Blink and you’d miss it if it were not for the massive hill of Corton looming above the tiny hamlet of Aloxe (pronounced Alosse). Located in Burgundy’s illustrious Cote de Beaune, this village may be small (<200 inhabitants) but its reputation is colossal in the wine world. Surrounded tightly by vineyards in all directions, Aloxe cannot grow much as the possibilities to build new housing are long gone---no one would ever consider ripping out a single vine in one of Burgundy’s most prized districts, referred to as Aloxe-Corton.
So what’s so special about Aloxe-Corton? Everything. This area produces, in my opinion, the epitome of both reds and whites. For Burgundy, this means the crème de la crème of Pinot Noirs and Chardonnays. The reds outnumber the whites by nearly 50 to 1, however, Chardonnay was not planted until the 19th century.
The entire village has been granted Grand Cru status. Most Pinots are called “Corton,” the Chars mainly are referred to as “Corton-Charlemagne” (named after Emperor Charlemagne who granted the original lands for the vineyards in the 8th century). This quiet little is village is the only one in all of Burgundy that produces Grand Cru reds and whites. Need I say more?

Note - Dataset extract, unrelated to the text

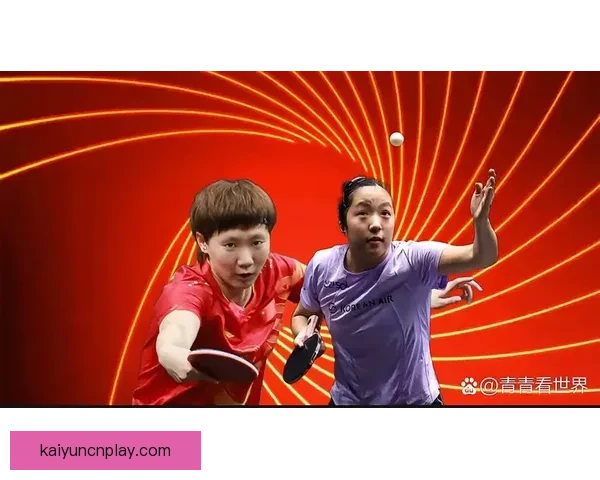 王曼昱谈申裕斌快速进步 曾一度面临巨大挑战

How does a Corton or Corton-Charlemagne differ from other Grand Cru Pinots and Chars from other districts of Burgundy? The thing I most remember about the red Cortons that have passed through these lips is their silky texture, gorgeous complexity and elegant length of finish. The Corton-Charlemagnes offer an intense fruit-mineral flavor profile and an exceptional “souvenir” (finish). Regardless of wine, I lean toward red typically and the red Corton is no exception. It would definitely be a contender for my “last meal.”